I want to leave, but I feel tethered to the spot. I keep thinking over and over, “I don’t want to lose him.” I feel pathetic.
He has been an excellent friend. He was there when I was struggling, when family members got sick, when I felt that my life was in pieces. When I was down, he was always there. He’s been my rock. He’s my best friend. I couldn’t count on him to do romantic things but I could always count on him to help when I truly needed him. We grew up together, from two high school kids to now in our mid twenties. He’s my first love, but there’s more to that: he’s the first guy I ever went on a getaway with. He’s the first guy whose apartment I stayed at for a week, and we bought groceries together and did homey stuff like watch TV while eating pasta together. He’s the first guy I did grown up stuff with like talk about our credit scores and shop for a laptop and figure out our life plans and fine, other grown up stuff. He’s handsome. He’s reliable. He’s a fantastic fucking person, even if he isn’t the best boyfriend. He’s one of a kind. We like the same music and TV. My mom loves him. My dog loves him. Even my readers have grown to love him from the stories I’ve told about us. He’s B. He smiles at me and my knees still go weak since the first time I saw him in that high school cafeteria ten years ago. Being with him has shaped my life. I don’t know where I end and he begins.
I can’t imagine life without him. But life with him is tearing me apart.
And then I realize. All these memories I have of us being happy are from over a year ago. The last time he called me “beautiful” was months ago. The last time I felt loved and appreciated by him was… I don’t know.
So I tell him this. I tell him I feel unappreciated and worthless and I can’t go on feeling like this. I ask if there’s a reason he’s so distant with me: is he mad at me? Did I do something? Is there someone else? Is this because he’s found everything he needs up here and I’m just down in LA, an afterthought? He tells me there’s no one else, he’s not mad, he’s just really comfortable and doesn’t know if he’ll ever change. Essentially, this is how it’s going to be. I feel dull shock at how forward he’s being about his resignation toward the relationship, but I’m not surprised by his honesty. He’s always been honest, even when he knew it would rip me to shreds.

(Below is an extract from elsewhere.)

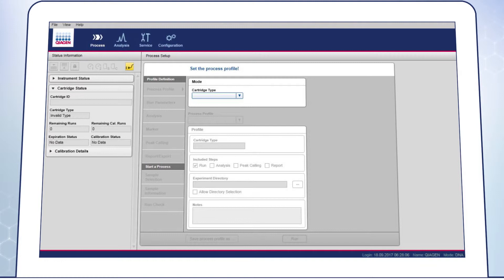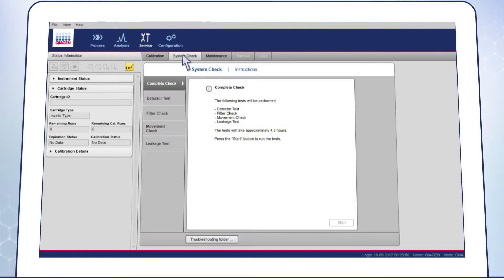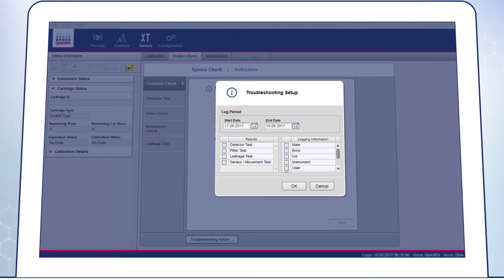1. Troubleshooting Folder. In case of communication issues or if a system check was performed, please create a Troubleshooting Folder by going to the Service Environment and go to the System Check screen and click on the Troubleshooting Folder button below. Select the Start and End Date. Select the Test on the left side if one was performed.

I tell him I can’t live like this, and that I feel cornered into either staying like this or leaving, and that I don’t want to do either. I ask him what he wants through ragged breaths, trying not to cry but the tears spilling out my eyes nonetheless.

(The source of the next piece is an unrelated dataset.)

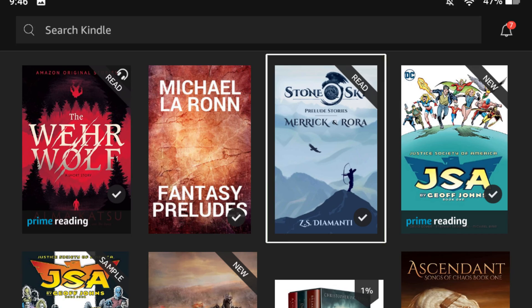Boom. Done. Easy. Now, it may take a couple minutes for it to actually show up in your Kindle library, but don't worry — it'll be there.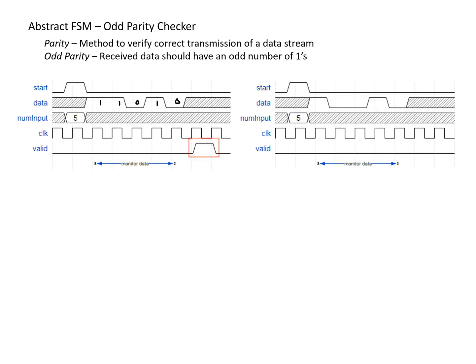In the case on the right, it's similar where num input is five, and we have the start bit asserted. And then for the data, we have one, zero, zero, one, and zero. And so in this case, we have an even number of ones, we have two ones. And so this was not a valid transmission in the sense that we did not have an odd number of ones. And so valid remains low.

A few tears fall out of his eyes too, but he tells me the situation ain’t changing. He says he wishes he was ready to give me that kind of love, but he’s not. Good old “it’s me, not you.” The decision is clear to both of us. It’s time to call it quits.

We grab breakfast together; I fidget with my meal and he sits, charming as ever, looking at me sideways and I feel a knife rip into my insides. I drive him back to his place. We hug, we kiss, me pathetically pulling him in but knowing deep down that it’s his loss all the while, and as he grabs his bag from the front seat I blurt out a strangled “I love you,” and he softly replies “I love you too.” We both know it’s goodbye.
I pull out of the driveway and start my way down to Los Angeles. I stare at the rows and rows of cars on the highway, all of us moving at a snail’s pace. Slowly, achingly slowly, moving onward, my insides hollow and throbbing with hurt, biting back tears, onto a new life.
Something died. But now I know that its death is giving life to something different, something better. And it doesn’t hurt as much.